Thursday, July 30, 2009

Contemplating the role of sincerity in institutional change

OK, I know that sounds more like a Tweet or a Facebook status update (which it was) than a title for an essay. I have been asked by many of you to communicate the outcome of the July 29th meeting with Dick Pedersen, Director of the Department of Environmental Quality.  The general impetus for the meeting was the dissatisfaction of neighbors with regards to DEQ's response in the wake of the USA Today Report, and a growing crisis of faith in the community of his agency to work honestly on behalf of citizens to protect us from unfettered industrial pollution. The purpose of the meeting, was a little more specific.  Mainly we want to see them do a better job of oversight at the ESCO facility, and industrial pollution sources in general; and, because of the afore-mentioned crisis of faith issue, we had some specific actions that we expect DEQ to take to achieve the desired outcome.

 To be expected, we have no clear answers on the specific requests we made, the first of which, was to ask Mr. Pedersen to view a 20 minute video that was taken at the Town Hall Meeting on May 21.  In this meeting he can see the frustrations of neighbors as they continue to ask reasonable specific questions, and get answers from his staff about process. Most of the other neighborhood requests are around obtaining a clearer picture about what ESCO does and how they might do it better (or in the case of the toxic industrial pollution: do LESS of it).  We are left once again in the position to wait and see how DEQ responds.  Clearly their's is not a track record that inspires optimism on this issue with this neighborhood.

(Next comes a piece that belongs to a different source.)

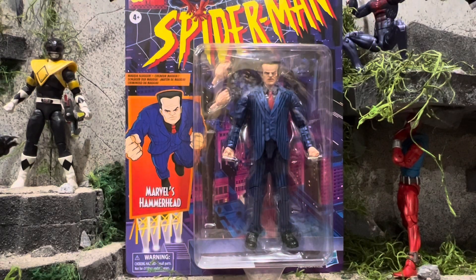What's going on, you guys? I'm the Bro Collector, here today with a review on the Marvel Legends Retro Spider-Man line, Marvel's Hammerhead. Now before we take a look at the package, just want to remind you to hit that subscribe button, hit like, and ring that notification bell so you always stay notified when I post my videos. Now with that being said, let's go ahead and get started.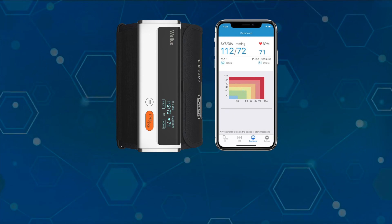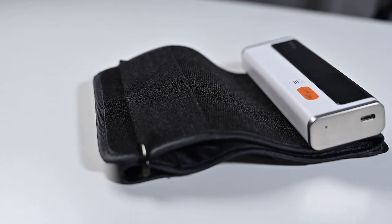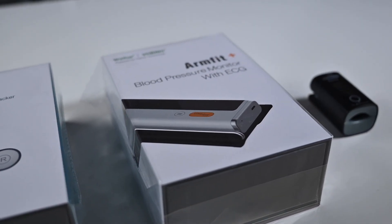As for the WellU blood pressure cuff, I'll go ahead and give this an admit as well. I think this is a totally reasonable option for a blood pressure cuff — there are a lot of brands out there, and if this fits your price point, you like the way it looks, and it folds up nice and small, this could be a great option for you. It does have Bluetooth connectivity, so you can save your results and link it with all the other devices.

So what is the difference?  Why the optimism today? First and foremost because I think as a neighborhood we have done an excellent job applying the pressure that is needed to enact change.  Have I reminded you lately how amazing it was to collect over 1200 signatures on the petition we circulated in little over a month? (Signatures are still coming in and keep them coming.) That when over 100 concerned citizens show up at a Town Hall Mtg ("I have been doing this for twenty years and this is the most people I have ever seen at a meeting" -Greg Lande, DEQ) it makes a difference. Do I need to tell you again that when one representative gets over 150 emails/letters about the same issue (Mitch Greenlick after the Town Hall Mtg) that he will feel compelled to do something? Clearly the difference, and the sense of optimism comes from you and your willingness to do the work we need to send the message that this is important to us.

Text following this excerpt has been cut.